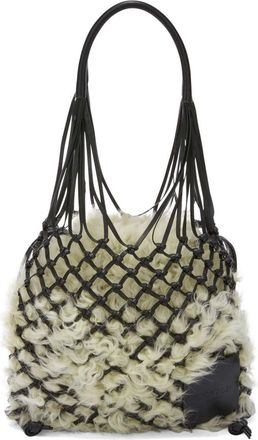 Jil Sander small Market leather bag - women - Nappa Leather/Sheepskin - OS - Green
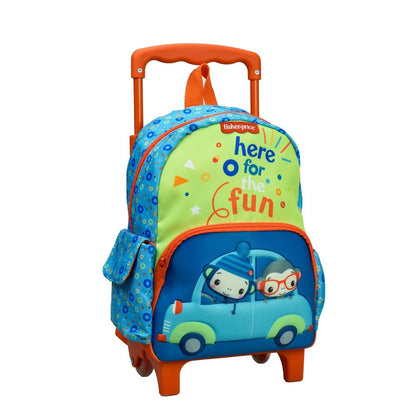 Gim Σχολικη Τσαντα Trolley Mini Car Fisher Price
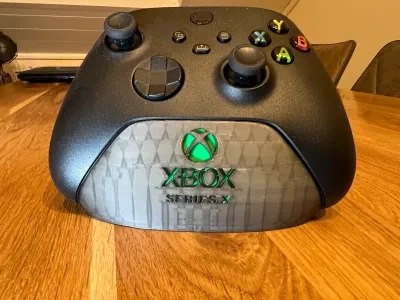 光滑且干净的Xbox控制器支架 Series X / Series S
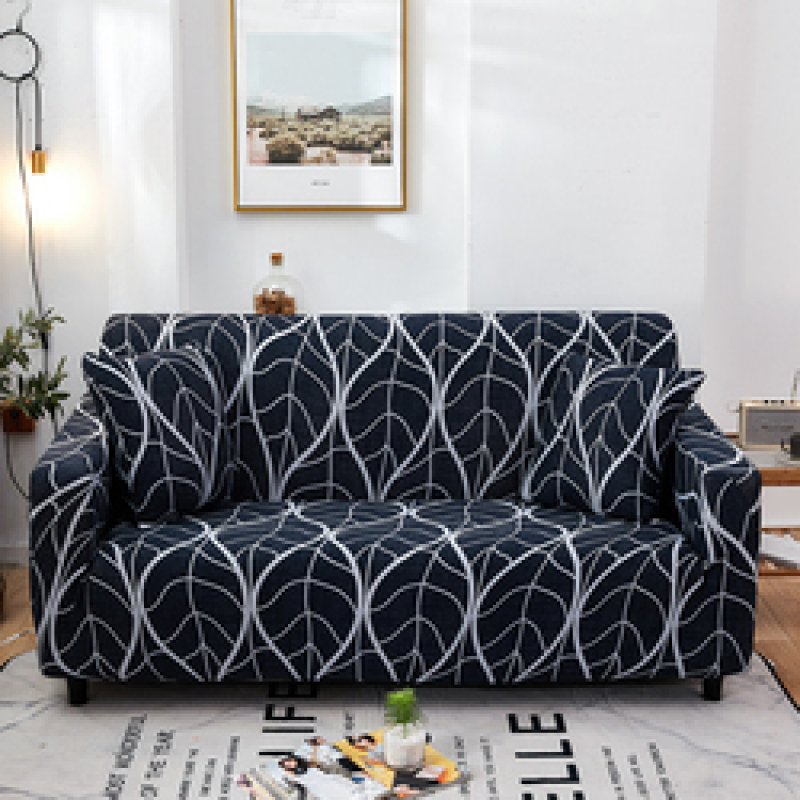 High Quality Printed Color Couch Cover, Wholesale Home Decoration Item 100% Polyester Couch Cover Sofa/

### Exercise details
Only the text of the listing above is wanted, transcribed exactly, without its images.

### Written response
 Jil Sander small Market leather bag - women - Nappa Leather/Sheepskin - OS - Green
 Gim Σχολικη Τσαντα Trolley Mini Car Fisher Price
 光滑且干净的Xbox控制器支架 Series X / Series S
 High Quality Printed Color Couch Cover, Wholesale Home Decoration Item 100% Polyester Couch Cover Sofa/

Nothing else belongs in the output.